Les Mandéens – une ancienne secte monothéiste – ont découvert qu’il ne leur était plus possible de pratiquer en public leurs rituels distinctifs essentiels à leur identité en tant que communauté par crainte d’essuyer des coups de feu. Leurs prêtres ont été attaqués, comme l’ont été des membres de leur communauté de manière générale. Du fait de sa fragilité, l’État irakien n’a pas été en mesure de les protéger. Certains sont convaincus que l’État n’avait pas l’envie ou l’intention de le faire parce qu’ils n’étaient pas musulmans. L’éparpillement des Mandéens d’Irak à travers le monde s’est intensifié depuis 2003 ; leur foi leur interdisant de se marier et de procréer en dehors de leur communauté, le déplacement et la dispersion représentent une menace existentielle pour cette ancienne communauté[3].

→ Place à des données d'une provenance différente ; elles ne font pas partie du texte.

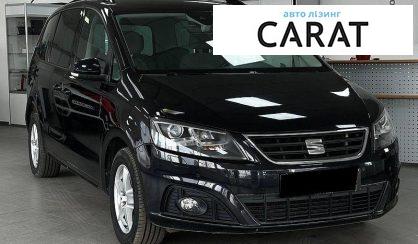 Seat Alhambra 2016
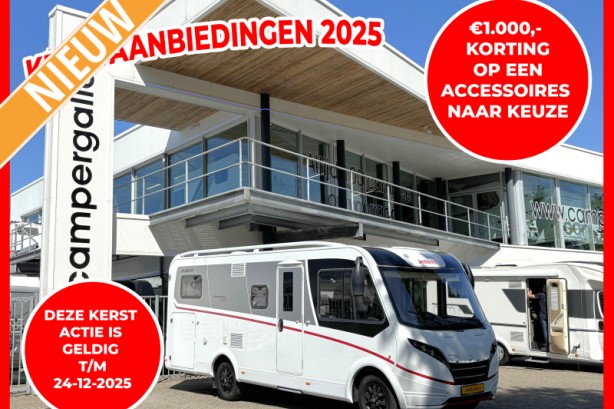 Tweedehands Dethleffs campers camper kopen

De trop nombreux gouvernements perçoivent – ou plutôt – présentent les réfugiés comme une menace à leur souveraineté. Ces gouvernements devraient se souvenir que les États fragiles risquent sans aucun doute de produire eux-mêmes des réfugiés et des PDI, et que les États n’existent pas à l’intérieur d’un vide. Les États les plus faibles peuvent survivre avec le soutien de la communauté internationale et en revanche des États forts peuvent s’effriter si la communauté internationale favorise à leur encontre des processus destructeurs[4]. Les gouvernements devraient éviter de soumettre des États à des processus destructeurs s’ils souhaitent réduire la production de réfugiés, un phénomène qu’ils semblent tous craindre de manière unanime.

 

Ali A K Ali a.a.ali@lse.ac.uk est assistant de recherche postdoctorale au Département du développement internationale de la London School of Economics. Sa recherche doctorale à bénéficié du soutien du British Institute pour l’étude de l’Irak et de l’AHRC (Arts and Humanities Research Council).



[1] Voir également : Mary Kaldor New and Old Wars: Organized Violence in a Global Era, Cambridge: Polity Press 2012.

[2] Voir également : Douglas Massey ‘Social Structure, Household Strategies, and the Cumulative Causation of Migration’ Indice de la population Vol 56, No. 1 (Printemps, 1990) www.jstor.org/stable/10.2307/3644186

[3] Voir : Ali A K Ali Displacement and statecraft in Iraq: Recent trends, older roots’, International Journal of Contemporary Iraqi Studies Vol 5 no 2 2011 http://tinyurl.com/AliAKAli-IJCIS2011

[4] Voir également : Zolberg et al Escape from Violence: Conflict and the Refugee Crisis in the Developing World, New York: OUP 1989.